Most electronics still end up the landfill, which is not where they should go. Electronics are made to last and they are built with some hazardous materials inside. It is extremely important that they be given to a recycling company so they can be disposed of properly.

We recently made arrangements with a recycling company to take home electronics after installations. This includes TVs, receivers, speakers, blu ray or DVD players that we can physically carry and load into our company vehicles. The recycling company will allow us to transport items on your installation day directly to their recycling place of business. There is a fee for recycling electronics and we can provide it in your estimate, but the recycling center is giving us special pricing to make it more affordable for you.

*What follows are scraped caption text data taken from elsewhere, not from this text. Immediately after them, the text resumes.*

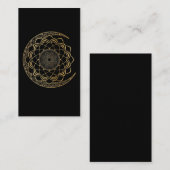 Spiritueller Moon Mandala Lotus Luna Visitenkarte (Vorne/Hinten)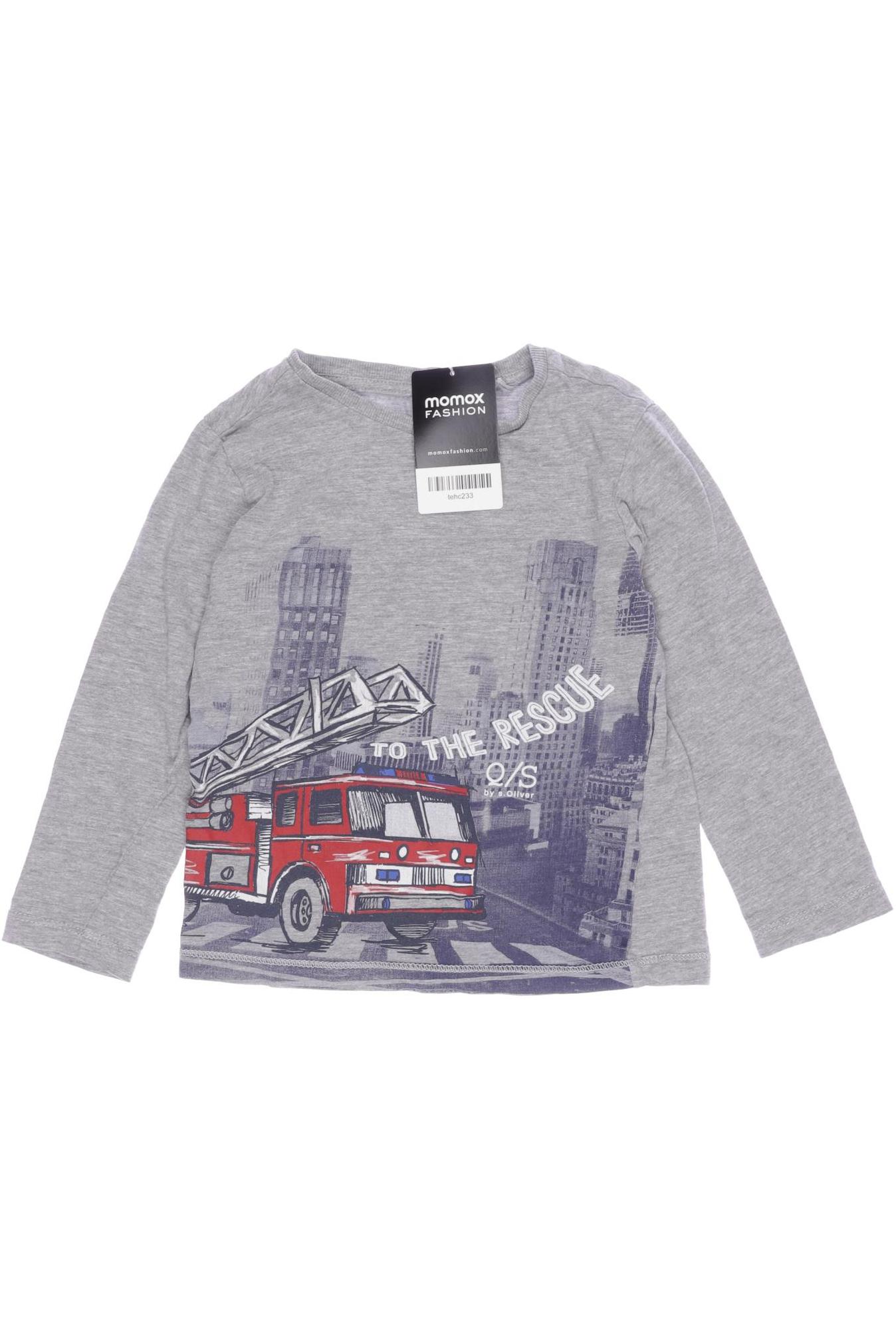 

s.Oliver Herren Langarmshirt, grau, Gr. 104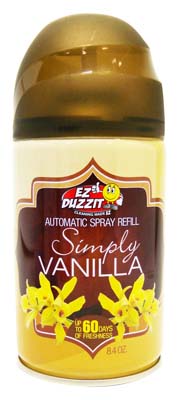 EZDUZZIT AIR FRSHNR REFIL 8.5 OZ VANILLA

If you don’t mind taking your own electronics to a recycling drop off site, there are three places you can go:

1) Best Buy will accept electronics including computers, TVs, etc. Each Best Buy is different and they have maximums so we suggest you call first to see what they would take. They do not charge for this service.

2) Securis offers a monthly recycling event. There is a fee based on what you take. Prices are listed on their website at and the events are only held once a month at their Chantilly operations.

3) Keep a look out for other monthly recycling events that communities and businesses put on. Many are “paper only” but sometimes someone will hold an electronics event. As an example, the Loudoun County Chamber of Commerce is holding an event on September 24th.

If you don’t want your old electronics sitting around or you don’t have the manpower to get it to a recycling center, then please ask Lew during your site survey to include pricing for removal.

What is important is that you do not throw out electronics in the trash or dump them somewhere as they are a danger to our environment. Electronics disposal is still a problem throughout the United States because there are not enough recycling centers. If more large retailers would serve as drop off locations for electronics & then work with recycling centers, more people would do a better job of properly recycling.